PROVIDED DATA —
[Start of Attachment]

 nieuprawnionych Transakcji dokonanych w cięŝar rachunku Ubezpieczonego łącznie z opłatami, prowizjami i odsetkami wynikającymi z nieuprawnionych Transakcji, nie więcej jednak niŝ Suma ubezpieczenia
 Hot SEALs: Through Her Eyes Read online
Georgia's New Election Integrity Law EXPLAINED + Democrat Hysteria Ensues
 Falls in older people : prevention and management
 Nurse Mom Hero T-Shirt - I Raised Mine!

[End of Attachment]
[Start of Attachment]

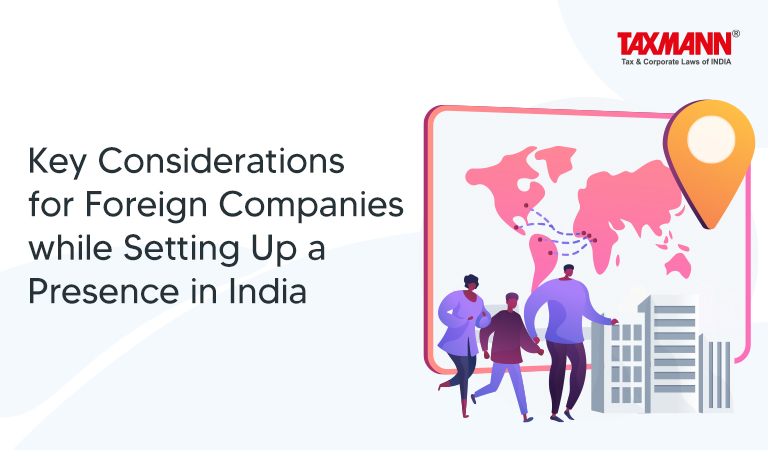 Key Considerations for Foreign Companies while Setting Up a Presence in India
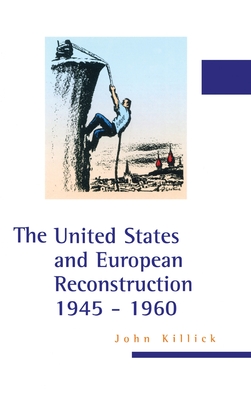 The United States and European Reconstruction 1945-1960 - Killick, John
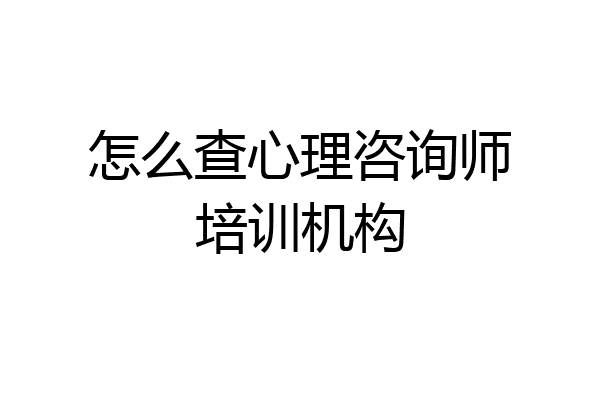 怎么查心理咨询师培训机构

[End of Attachment]
[Start of Attachment]

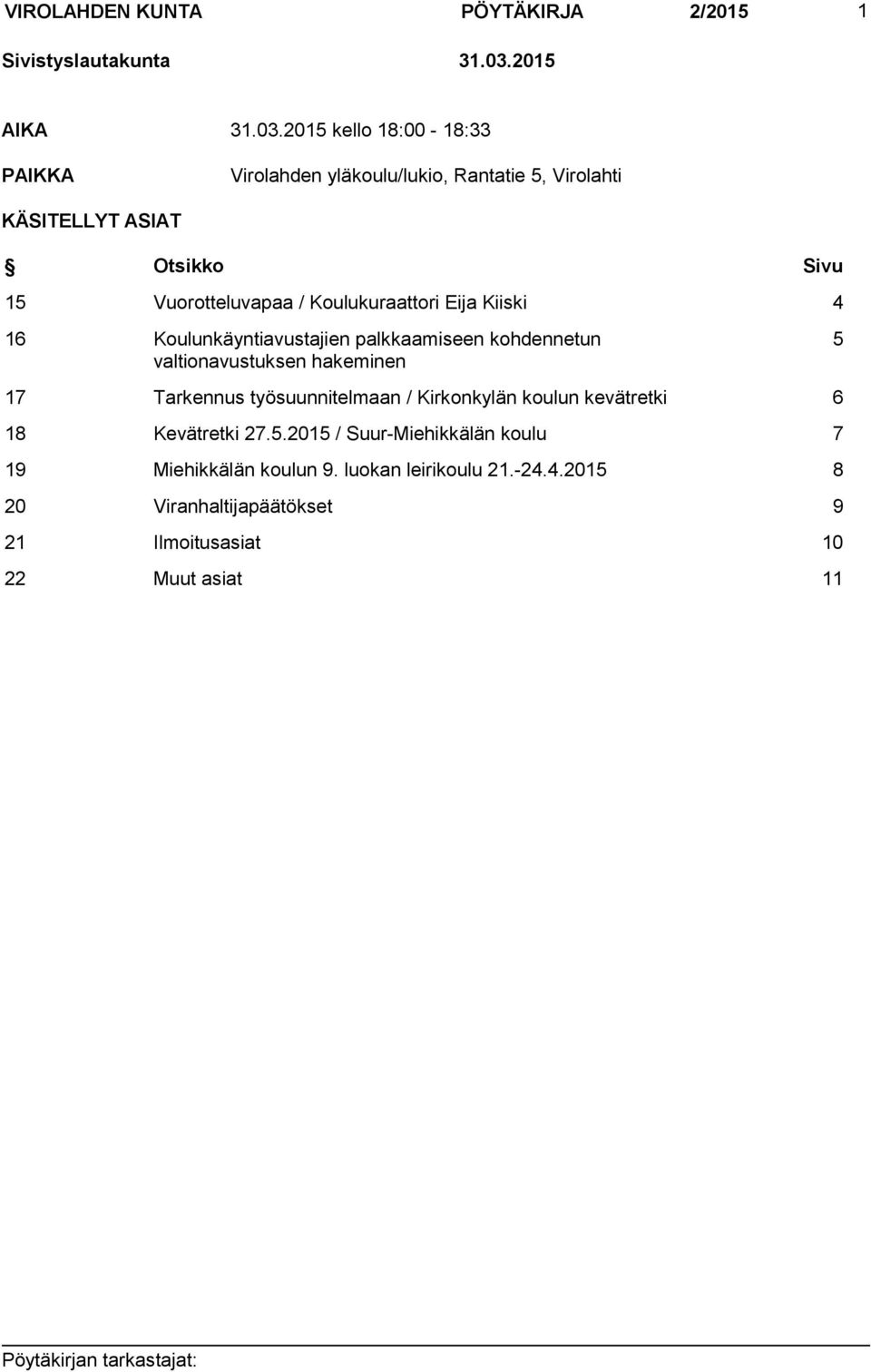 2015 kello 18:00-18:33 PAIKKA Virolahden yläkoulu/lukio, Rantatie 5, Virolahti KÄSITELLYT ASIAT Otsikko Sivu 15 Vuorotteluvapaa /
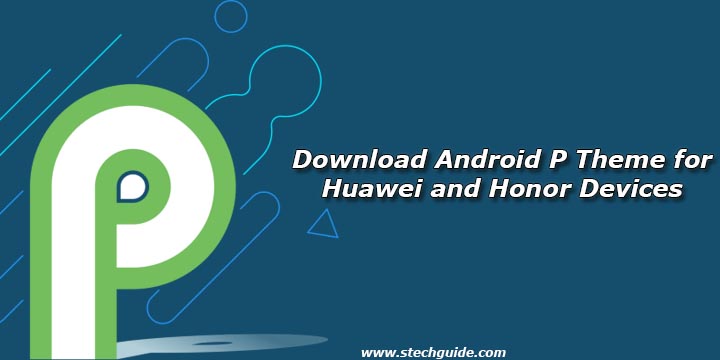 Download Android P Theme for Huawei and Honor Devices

[End of Attachment]

TO DO —
Above this instruction are the records; retype exactly the lines from the one containing "Hot SEALs: Through Her Eyes Read online" up to and including the one containing "Nurse Mom Hero T-Shirt - I Raised Mine!".

RESULT FOR THIS TASK —
 Hot SEALs: Through Her Eyes Read online
Georgia's New Election Integrity Law EXPLAINED + Democrat Hysteria Ensues
 Falls in older people : prevention and management
 Nurse Mom Hero T-Shirt - I Raised Mine!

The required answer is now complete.